I’ve been thinking a lot about the sacraments lately, partly because I’m in the process of discerning my own call to ordained ministry and partly as a result of encountering a formula, over and over again, in which, like our definition of what a sacrament is in the life of the church, a symbol acts as the outward sign of an inward reality.  Seyyed Nasr states that the ecological “crisis must be seen as the external manifestation of a universal pollution that has turned the inner landscape of so many modern men and women from a luxuriant garden into an arid desert.”  A sacrament is the outward manifestation of an inward grace… the fact of our negligent and intentional destruction of the natural world is an outward sign of an inward lack-of-grace.  Sacrament… destruction.  Is it possible that our environmentally catastrophic behaviors are the diametric opposite of a sacrament, anti-sacramental?  I think so.  The broken world we’ve made is evidence of our spiritual brokenness, our inability to recognize God’s grace in Creation, in God’s making of us a part of this integrated and connected web of life.  We’ve exited ourselves from this web, and having done so, have made ourselves non-sacramental.  Holiness is at stake, it is in danger.  We are spiritually adrift, having cut the ties linking ourselves to the natural world of which we are a natural part.  Our “inner landscape” is arid, and so we have made our external landscapes arid.  Can we view the state of our world as a direct result of the state of our souls as a human family?  And, if we work on healing our souls, will we heal the world?  Or is it the opposite, that in healing the world, our souls will find wholeness and reconnection to one another and to God?  Perhaps it is a both/and.

#15: Being family.

***This is the fifteenth of a series of posts based on a book I’m reading for a class called Connections in Religious and Ecological Education entitled Holy Ground: A Gathering of Voices on Caring for Creation.

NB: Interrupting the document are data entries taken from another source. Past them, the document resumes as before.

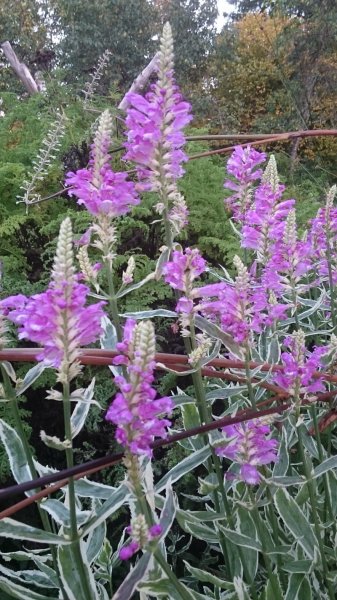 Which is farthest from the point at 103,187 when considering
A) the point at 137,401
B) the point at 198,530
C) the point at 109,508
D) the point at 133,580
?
the point at 198,530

The chapter is “Finding Communion with Creation,” by Anglican Bishop Mark McDonald, whose diocese is Navajoland.

I’m sitting at my desk right now overlooking the parking lot in the back of my apartment.  It’s pretty unattractive.  There’s the carport, piles of leaf bags, a pretty skeezy looking fir tree, the backs of people’s houses.  At first glance, it’s not a gorgeous place to work, to write, to reflect on Creation.  But then, when I still myself, I notice that there is a pine tree peeking around the corner of my window sill, with baby pine cones dripping from the tips of the branches, tiny brown baby pods waiting to be born, swaying in concert in the cold wind that started this morning.  There are the early royal purple pansies I potted Sunday in honor of my move to this new apartment, an offering of hope for an unknown future.  The petals are drooping a bit, rebelling against the necessary move to a new pot.  Alot like myself, actually.  But they’ll perk up, after they feel the opportunity to stretch.  Yes.  To stretch and to explore the new air around themselves.  Bishop McDonald talks about how we are humanized by this world, by living in it, by noticing and caring for it, by situating ourselves squarely within and upon it.   We can not be human outside of Creation.  It is our home, whether we are comfortable here or not, whether we recognize how we fit into it or choose to separate ourselves and categorize ourselves as outside it.  We are brothers to tiny pine cones, we are sisters to tired pansies… we know ourselves as we truly are only when we familiarize ourselves with them.  Familiarize… make-family-of.

Purple pansy

Purple pansy

#14: Breathing in, it’s Yah; breathing out, weh.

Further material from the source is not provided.